Hepatitis C Virus NS2 Protein Inhibits DNA Damage Pathway by Sequestering P53 to the Cytoplasm

Overview

Journal PLoS One

Specialties General Medicine
Science

Date 2013 May 3

PMID 23638118

Citations 23

Authors

Cintia Bittar

Shubham Shrivastava

Joydip Bhanja Chowdhury

Paula Rahal

Ratna B Ray

Affiliations

Soon will be listed here.

Abstract

Chronic hepatitis C virus (HCV) infection is an important cause of morbidity and mortality globally, and often leads to end-stage liver disease. The DNA damage checkpoint pathway induces cell cycle arrest for repairing DNA in response to DNA damage. HCV infection has been involved in this pathway. In this study, we assess the effects of HCV NS2 on DNA damage checkpoint pathway. We have observed that HCV NS2 induces ataxia-telangiectasia mutated checkpoint pathway by inducing Chk2, however, fails to activate the subsequent downstream pathway.

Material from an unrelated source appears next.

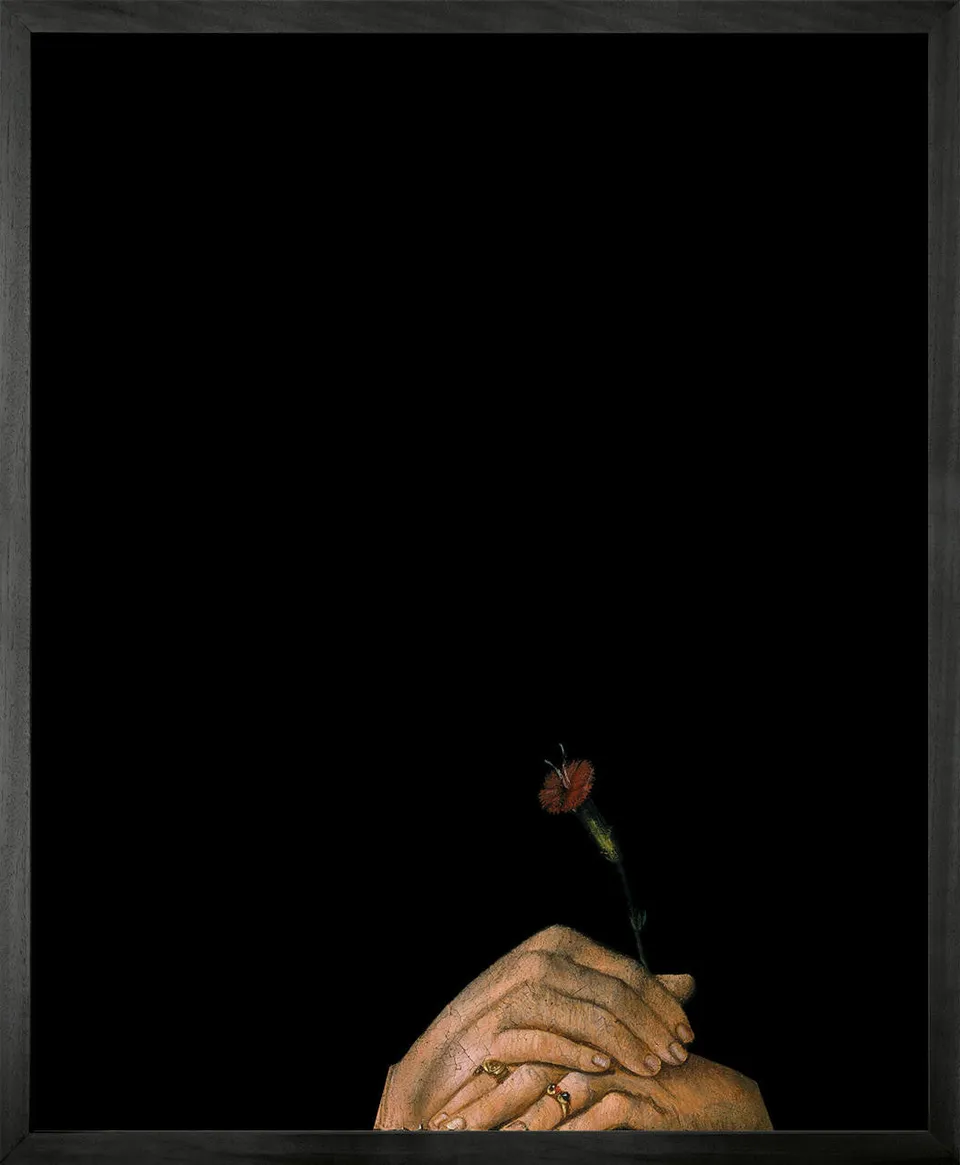 Mineheart Hands Holding Flower Leinwandbild 30x41 Rahmen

Further study suggested that p53 is retained in the cytoplasm of HCV NS2 expressing cells, and p21 expression is not enhanced. We further observed that HCV NS2 expressing cells induce cyclin E expression and promote cell growth. Together these results suggested that HCV NS2 inhibits DNA damage response by altering the localization of p53, and may play a role in the pathogenesis of HCV infection.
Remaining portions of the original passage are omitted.